Your task:
The whole listing needs retyping exactly; keep the pictures out of it.

Source data:
-*-

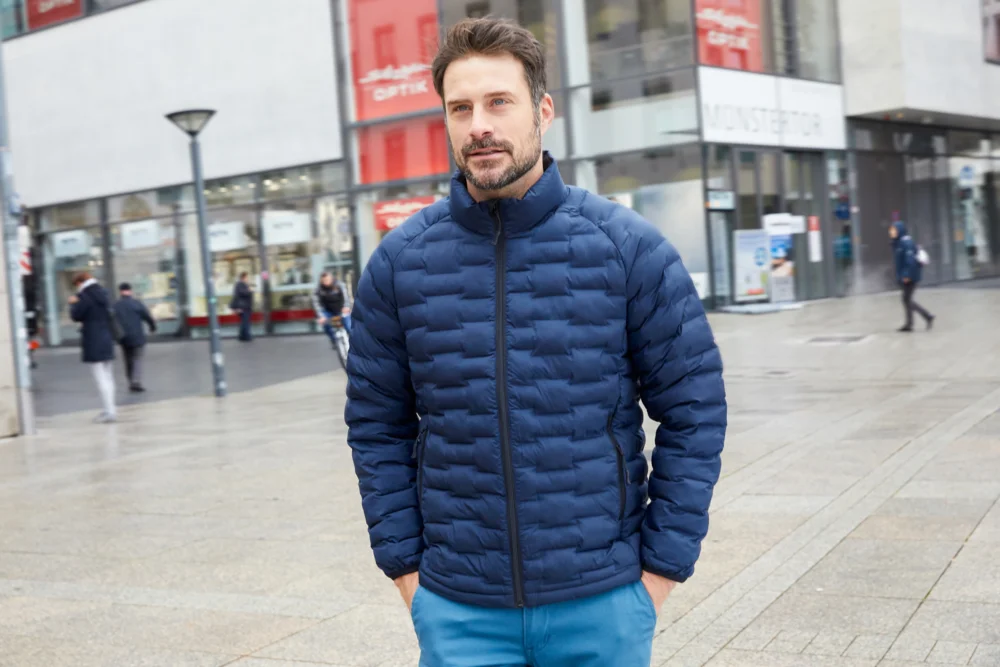 Leichte Herren Steppjacke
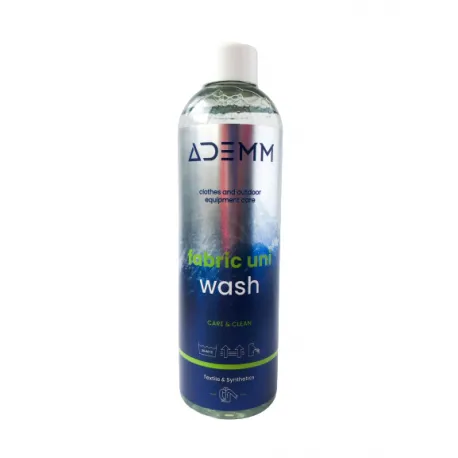 Ošetrovací prípravok na textil ADEMM Fabric Uni Wash 250 ml, CZ SK
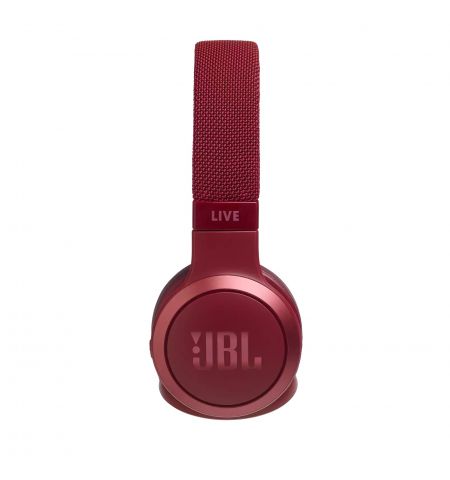 Наушники JBL LIVE 400BT, Red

-*-

Task response:
 Leichte Herren Steppjacke
 Ošetrovací prípravok na textil ADEMM Fabric Uni Wash 250 ml, CZ SK
 Наушники JBL LIVE 400BT, Red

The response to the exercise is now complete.